Variant difference: William's pod independent views diverged (primary saw 3
ONLINE, two secondaries each saw self-OFFLINE alone). Henry's variant had 2
pods drop role entirely while mysql-1 stayed primary. Both are manifestations
of the same underlying race in
`mgr-server/internal/syncer/JoinCurrentMemberToCluster`: `START
GROUP_REPLICATION` fires once, hits a transient SQL i/o timeout, returns
without retry, and the engine state machine can no longer be cleanly recovered
by HA daemon periodic ticks.

## Trigger conditions

The race recurs reliably when ALL of:

1. Cluster runs continuously ≥3h (gives sufficient rejoin attempts).
2. ≥5 parallel writers continuously inserting (~25 INSERT/s).
3. Repeated chaos kill every ~5 min, alternating primary/secondary.
4. mysql-0 (or any single pod) is killed multiple times — increases the chance
it hits the race on a rejoin.

Below this threshold (22 attempts in our chaos C2 lane before the soak), the
race is rare enough that no single batch hit it.
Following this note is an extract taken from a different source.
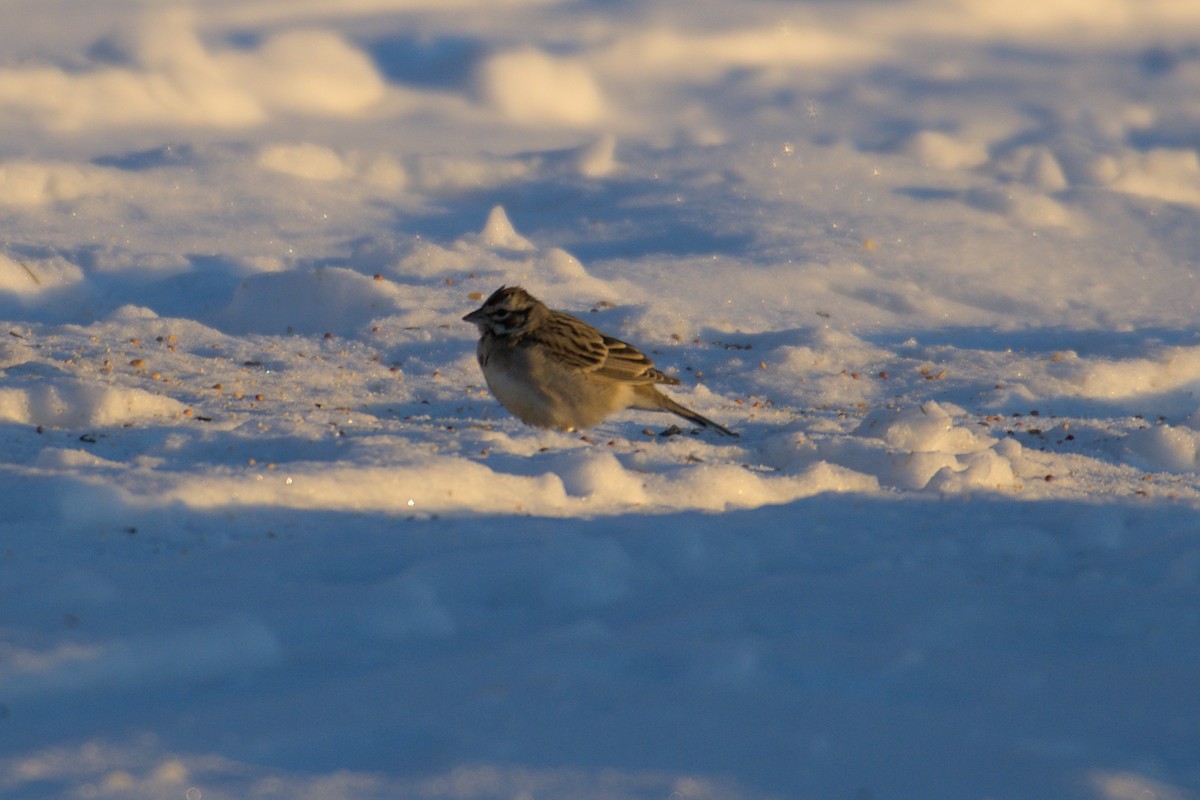 Lark Sparrow - Kaj Overturf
The shorter cycle (≤30s
recovery, ≤4 runs per batch) prevents enough rejoin opportunities.

## Patch hypothesis (William, msg 61756a30)

Root cause: `mgr-server/internal/syncer/JoinCurrentMemberToCluster` calls
`START GROUP_REPLICATION`. If the underlying SQL connection times out once,
the function returns the error and exits. The next attempt is only made by the
HA daemon periodic loop, but by then the engine's local state may already be
in an indeterminate sub-state (group seeds set, member partially registered).

Minimum patch:
- bounded retry loop around `START GROUP_REPLICATION` (e.g. 3 attempts with
exponential backoff)
- reconnect the local MySQL socket between retries (so socket-level i/o timeout
is not the propagating failure)
- preserve original error return path so permanent failures still surface

## Validation plan (Henry, msg f5289913)

After the patch lands and the engine image is built (local-build + sideload to
vc-2), re-run the same 4h soak with identical parameters (5 writers, 5 min
cycle, alternating kill). Acceptance condition:
- At least 1 full 4h soak with `view-split=0` AND `role-disappearance=0`.
- Repeat ≥2 more soaks at the same conditions (N=3 floor for probabilistic
release validation).
- Optionally extend to longer soak (24h) per release standard third condition.